== YOUR TASK ==
Each entry below must be written out exactly, with pictures left out.

== THE DATA ==
>>>>>

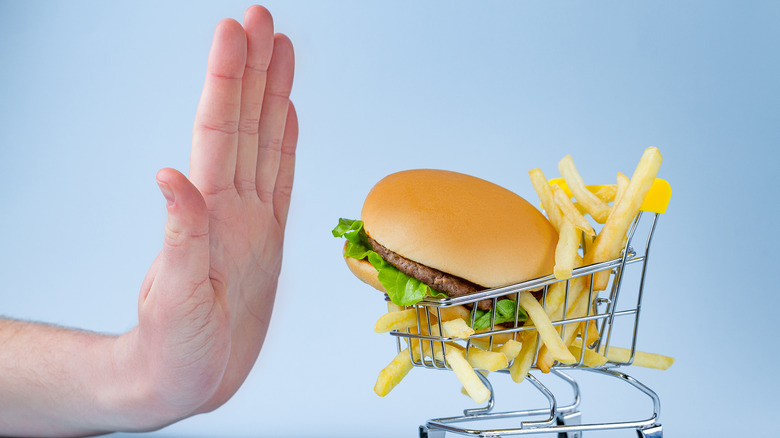 Burger and fries in shopping cart being pushed away by hand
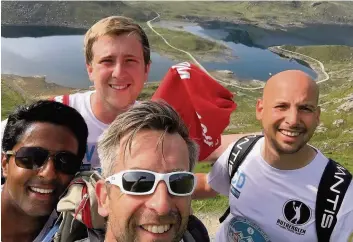  ??  ?? Fundraisin­g Rutherglen Lawn Tennis Club members, including club president Gareth Ellor (front) completed the three peaks challenge to help raise money for the campaign and they will be even happier to have received £70,000 from the LTA and Tennis Scotland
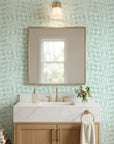 Pale Dawn serene green plaid wallpaper creating ambiance in a serene bathroom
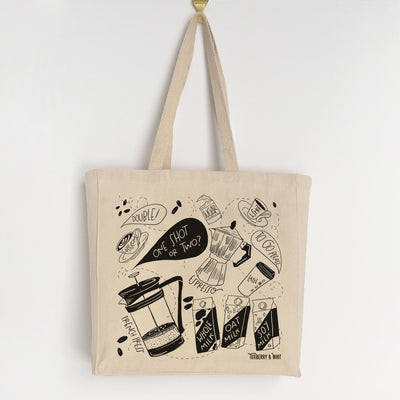 Coffee-themed tote bag featuring illustrations of espresso, French press, and a variety of milk options.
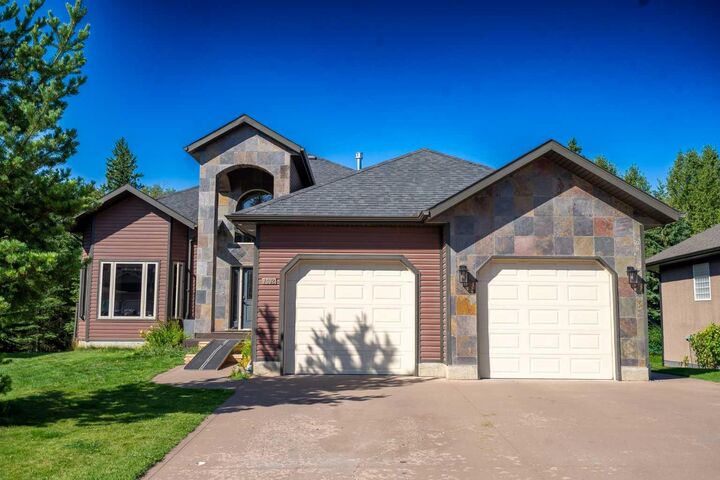 Property Photo:  7402 61 Street  AB T4T 0A3 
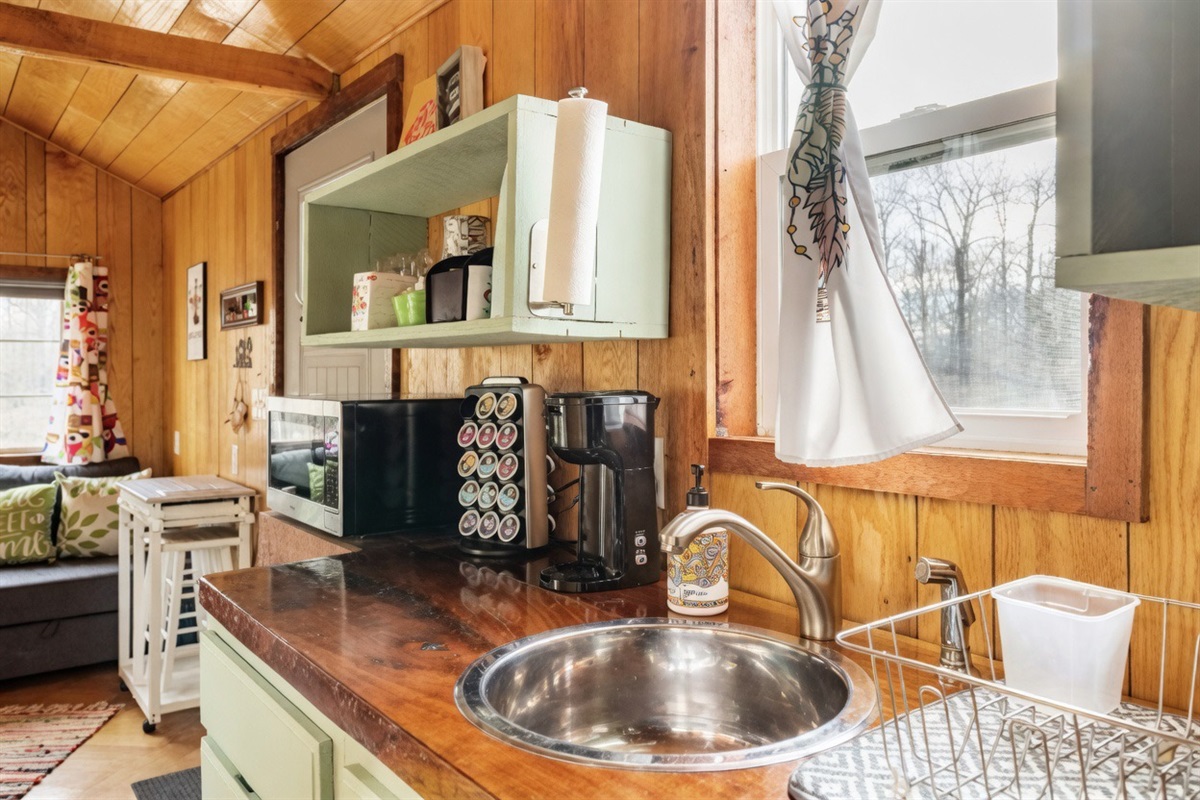 Embrace the charm of a well-equipped kitchenette that includes a double electric hot plate, toaster, microwave, air fryer, electric skillet, spice rack and coffee bar.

<<<<<

== EXPECTED OUTPUT ==
 Burger and fries in shopping cart being pushed away by hand
  ??  ?? Fundraisin­g Rutherglen Lawn Tennis Club members, including club president Gareth Ellor (front) completed the three peaks challenge to help raise money for the campaign and they will be even happier to have received £70,000 from the LTA and Tennis Scotland
 Pale Dawn serene green plaid wallpaper creating ambiance in a serene bathroom
 Coffee-themed tote bag featuring illustrations of espresso, French press, and a variety of milk options.
 Property Photo:  7402 61 Street  AB T4T 0A3 
 Embrace the charm of a well-equipped kitchenette that includes a double electric hot plate, toaster, microwave, air fryer, electric skillet, spice rack and coffee bar.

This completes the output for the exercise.